Malheureusement cette nouvelle mission s’est, elle aussi, soldée par un échec dans la mesure où vous avez été dans l’incapacité :
De rechercher la bonne information et de la synthétiser correctement ;
De construire un discours cohérent avec une structure lisible pour l’internaute ;
D’avoir une rédaction correcte, les innombrables fautes de grammaire et d’orthographe n’étant pas acceptables à votre niveau de qualification ;
D’assumer seule cette mission, sollicitant constamment l’intervention de la responsable éditoriale et des analystes prix et énergie ;
D’aller au bout de ce que vous entreprenez.
Aucun des neufs articles SEO à forte valeur ajoutée « énergie » qui vous ont été confiés n’ont pu être publiés, ni même validés en l’état, car le fond comportait énormément d’erreurs, sans parler de la forme, très lourde, voire grammaticalement incorrecte. Les quatre articles validés ne l’ont été qu’après d’innombrables corrections/modifications de la responsable éditoriale.

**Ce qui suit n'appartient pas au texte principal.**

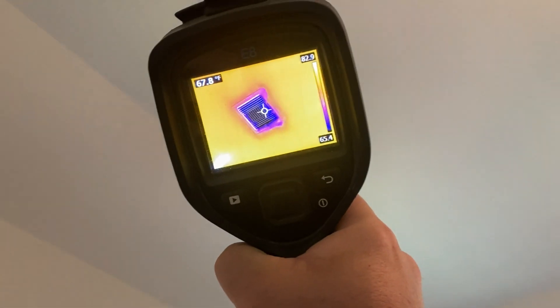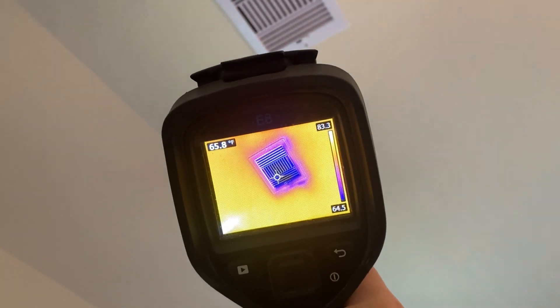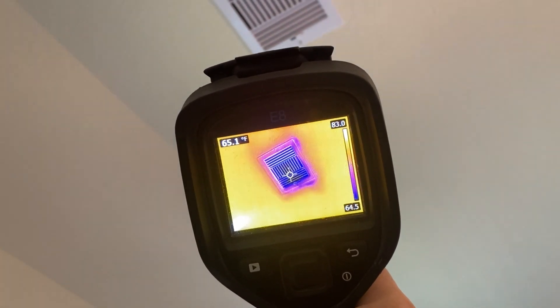This one right here gives me a reading of 65. To be considered performing and functioning properly, that delta T needs to be between 15 and 20 degrees. So since we had 77 at the return and 65 at the supply, that's a difference of about 12 degrees — and that's definitely under the mark.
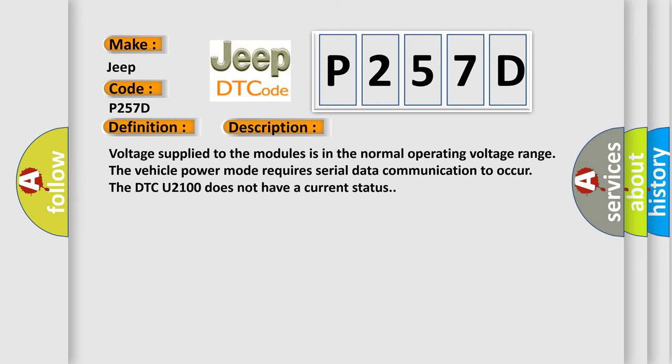Voltage supply to the modules is in the normal operating voltage range. The vehicle power mode requires serial data communication to occur. The DTC U2100 does not have a current status. This diagnostic error occurs most often in these cases.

La responsable éditoriale a passé un temps particulièrement important à relire et commenter vos articles afin que vous puissiez monter en compétence sur la thématique de l’énergie et vous responsabiliser sur vos fautes de grammaire et d’orthographe. En vain, puisque vous ne montriez à cela aucun intérêt ni implication et qu’il s’agissait manifestement pour vous d’une perte de temps'
Seuls les articles « courts » de netlinking, destinés à d’autres supports que les nôtres et ne mettant pas en péril l’image et l’expertise de la société, avec peu de valeur ajoutée ont été produits et ont pu être publiés.
S’agissant des articles de rewriting (technique que nous vous avons expliquée et pour lesquels nous vous avons fourni les articles sources à réécrire), notre agence [12] nous a fait remonter qu’un des deux articles était quasi « plagié » sur un autre article que l’article source.

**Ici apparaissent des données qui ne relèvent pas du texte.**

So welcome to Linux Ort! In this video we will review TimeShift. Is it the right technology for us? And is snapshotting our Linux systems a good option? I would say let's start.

A ces insuffisances professionnelles dans le cadre des différentes missions confiées, s’ajoutent des difficultés de comportement :
Vos nombreux retards le matin ou après la pause déjeuner, non récupérés en fin de journée, qui, de toute évidence, perturbent l’exécution normale de vos fonctions.

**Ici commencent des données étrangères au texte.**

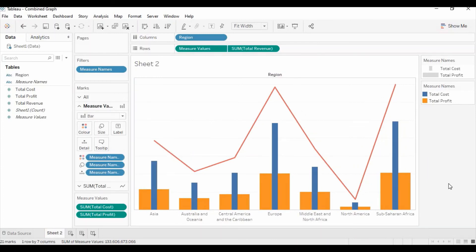Now you have the final combined bar and line chart or graph. Thank you guys for watching this video. Please subscribe to learn more about analytics. Thank you.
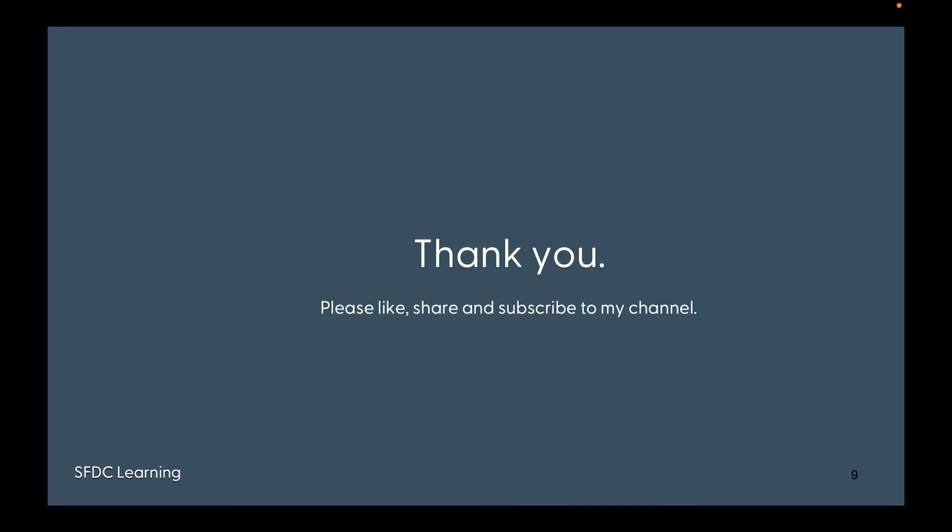Thank you very much for watching the video. If you liked this video, please like, share, and subscribe to my channel to continue learning from these videos. Thank you very much.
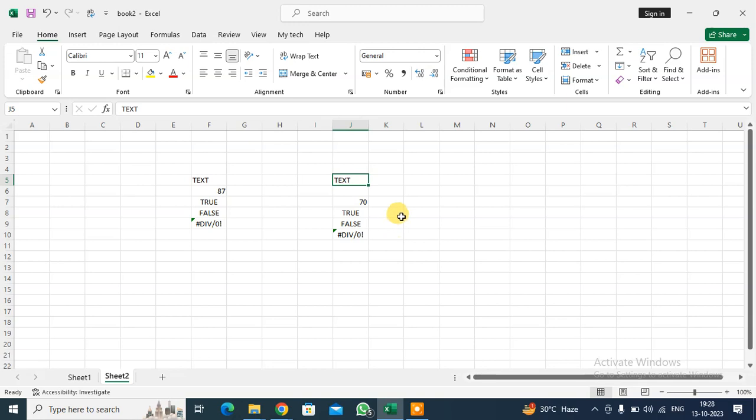You can easily find out the data in your used data that you want. Okay, thank you so much.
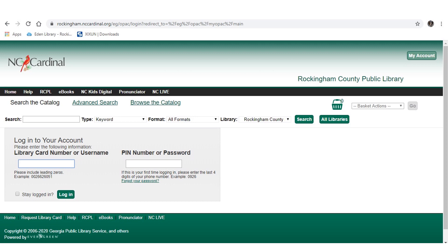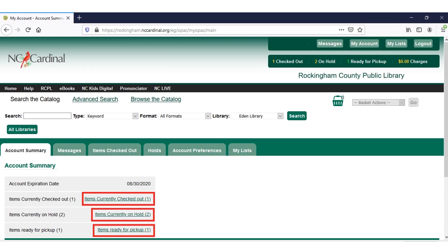Your PIN number or password is going to be the last four digits of your phone number if you're logging into your account with your library card, or the last four digits of your student ID if you're logging into your account with your student ID number.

Il en est certainement de même de votre occupation à des sujets personnels/privés pendant votre temps de travail pour lesquels la tolérance est largement dépassée, avec de nombreux, et longs, appels téléphoniques personnels.
Problème d’intégration avec les autres membres de l’équipe lorsque vous ne respectez pas les outils collectifs et procédures de travail en commun, lorsque que vous les sollicitez en permanence (tant métier que fonctions support) ce qui perturbe leur travail ; collègues qui se sont d’ailleurs émus d’une utilisation intempestive et peu loyale de votre part du « cc » dans l’envoi des mails afin que les personnes en copie reprennent le sujet en question et d’un manque flagrant de politesse et de réserve.
Les récriminations et accusations infondées que vous portez à l’égard de la direction nuisent également au déroulement confiant et serein de la relation contractuelle.
Les explications que nous avons recueillies lors de cet entretien du 29 juillet 2019, qui démontrent une absence totale de remise en cause et par la même une absence de toute perspective d’amélioration, ne nous ont pas permis de modifier notre appréciation des faits.
En conséquence, nous sommes contraintes de mettre un terme à notre collaboration et vous notifions par la présente votre licenciement pour cause réelle et sérieuse. (') »
Par requête reçue au greffe le 11 mars 2020, Mme [U] a saisi le conseil de prud’hommes de Lyon afin de contester le bien-fondé de son licenciement et de solliciter des dommages et intérêts pour discrimination et harcèlement moral, ou à tout le moins, pour manquement à l’obligation de sécurité.
Par jugement du 24 novembre 2022, le conseil de prud’hommes a débouté Mme [U] de l’ensemble de ses demandes et l’a condamnée aux dépens.
Par déclaration du 23 décembre 2022, Mme [U] interjeté appel à l’encontre de ce jugement.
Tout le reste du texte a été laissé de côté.